L’arretratezza tecnologica di Russia e Iran non sembra essere un limite.
«Io non parlerei di arretratezza tecnologica in Russia. Le carenze che avevano sui droni le hanno agevolmente superate grazie all’iran, che su questo comparto ha investito molto in risposta agli sforzi di Israele. I russi hanno in servizio missili ipersonici ed aiutano i cinesi e gli iraniani a svilupparli. Nella subacquea i russi sono l’avanguardia. Hanno materie prime ed energia che alimentano agevolmente gli sforzi dell’industria bellica. L’idea che i russi siano arretrati tecnologicamente è falsata dal fatto che in questi anni hanno utilizzato in Ucraina anche armi vecchie. I rapporti dell’intelligence ucraina dicono che i russi producono più di 100 missili da crociera ogni mese. E ne hanno disponibili circa un migliaio per colpire. Numeri spaventosi. Gli eserciti europei oggi schierano mediamente dai 150 carri armati dell’italia ai 330 della Germania, non tutti operativi. Durerebbero poche settimane in Ucraina».
Arma vecchia fa buon brodo… «Pensi all’attacco iraniano su Israele. Simbolico e dimostrativo. Per fermare con l’aiuto degli alleati i 350 droni e missili iraniani, Israele ha usato quella notte armi per un miliardo di dollari di valore. Gli iraniani potrebbero sostenere attacchi del genere per molte decine di notti. La Nato sul fronte ucraino ci chiede di dare tutto ciò che abbiamo all’ucraina che non riesce più a difendersi. Ma come facciamo poi a difendere i nostri cieli in caso di nuove minacce? Macron ha ceduto missili antiaerei a Kiev ma oggi per proteggere le Olimpiadi ha chiesto in prestito ad Atene una batteria di missili Patriot. Draghi e Von der Leyen hanno alimentato la falsa narrazione dei russi in ginocchio a causa delle sanzioni, che rubavano le schede elettroniche dalle lavatrici per fare la guerra in Ucraina.

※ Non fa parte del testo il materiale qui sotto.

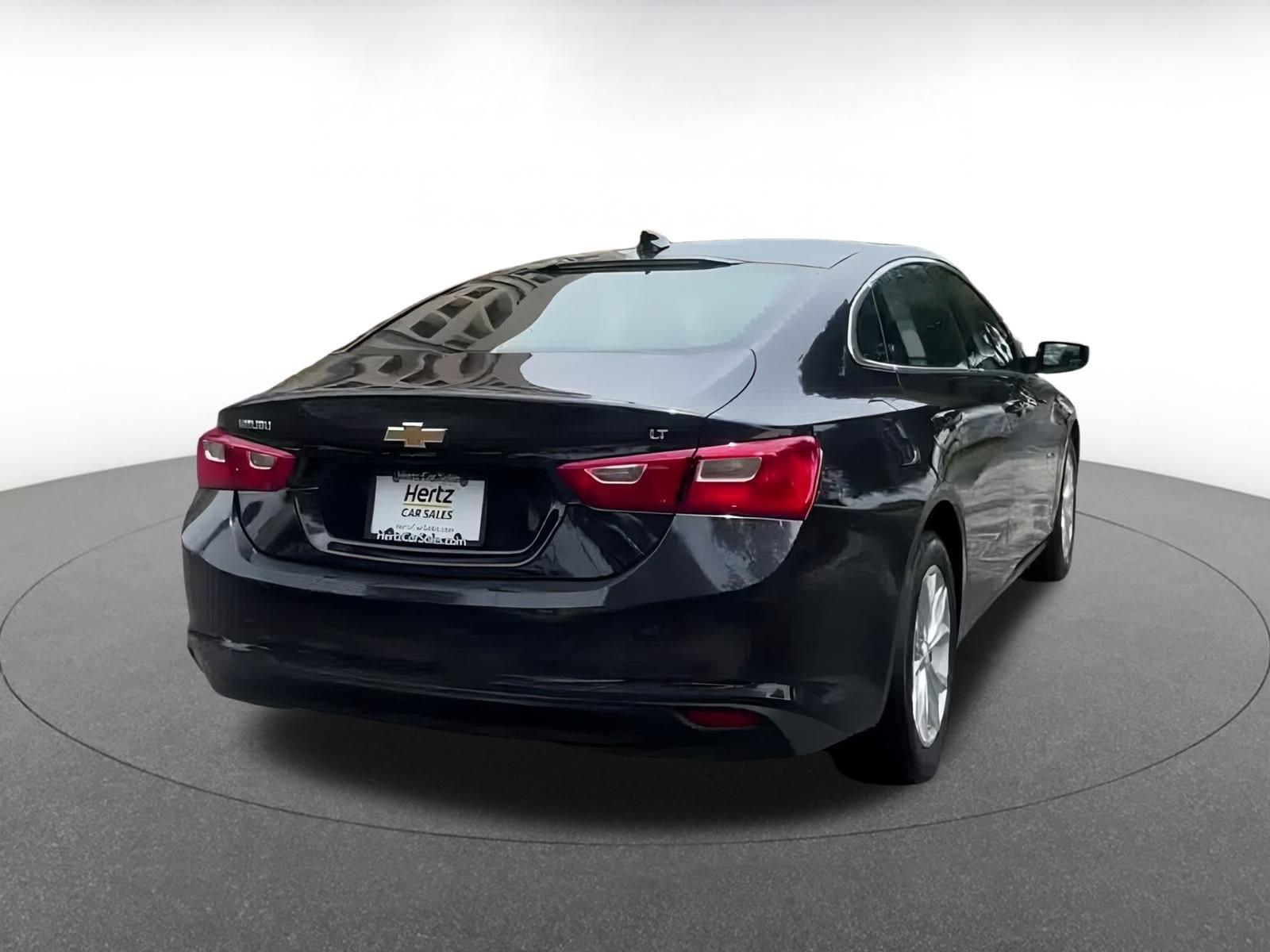 Thumbnail: 2023 Chevrolet Malibu - 12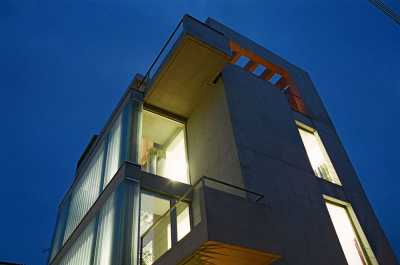 Κτίριο γραφείων και showroom, στη Γλυφάδα Αττικής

Non so se ci rendiamo conto. L’europa è disarmata e ci viene chiesto di fare di più per tenere in vita uno zombie che non potrà resistere più di qualche mese. Giusto il tempo delle elezioni in America. E quindi gli americani che hanno 2.500 carri Abrams in servizio e 3.500 in magazzino potranno venderli all’europa incapace di riarmarsi in tempi brevi e che ha mandato a schiantare i Leopard di costruzione tedesca sul fronte ucraino».

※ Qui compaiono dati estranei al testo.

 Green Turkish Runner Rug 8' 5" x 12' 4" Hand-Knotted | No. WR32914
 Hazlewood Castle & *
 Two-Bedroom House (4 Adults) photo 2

Che obiettivi ha Putin in Ucraina?
«Quelli dichiarati sono la liberazione delle quattro regioni dell’est annesse alla Russia col referendum del 2022 non riconosciuto (Donetsk, Lugansk, Kherson e Zaporizia). Anche la riconquista di Kharkiv, ripresa dagli Ucraini nel 2022, è un obiettivo probabile per mettere in sicurezza la regione russa di confine di Belgorod. Se si profilasse un successo militare più ampio anche Odessa e l’intera costa del Mar Nero potrebbe essere un obiettivo per creare un collegamento con la Transnistria. Sul piano politico Mosca vuole un’ucraina demilitarizzata. Fuori dalla Nato. Al limite dentro l’unione europea…».
Ci toccherà pagare il conto della ricostruzione…
«Sia che vinca Biden sia che vinca Trump. Chiunque vinca farà gli interessi degli Stati Uniti, non i nostri. Inutile fare il tifo. L’economista Kenneth Rogoff ha già espresso chiaramente il concetto. Gli Stati Uniti si sono fatti carico dello sforzo bellico maggiore. All’ue tocca ricostruire. In ottobre 2023 la stima per la ricostruzione era di 7001.000 miliardi di dollari. Oggi di più. Per sostenere uno Stato fra i più corrotti al mondo».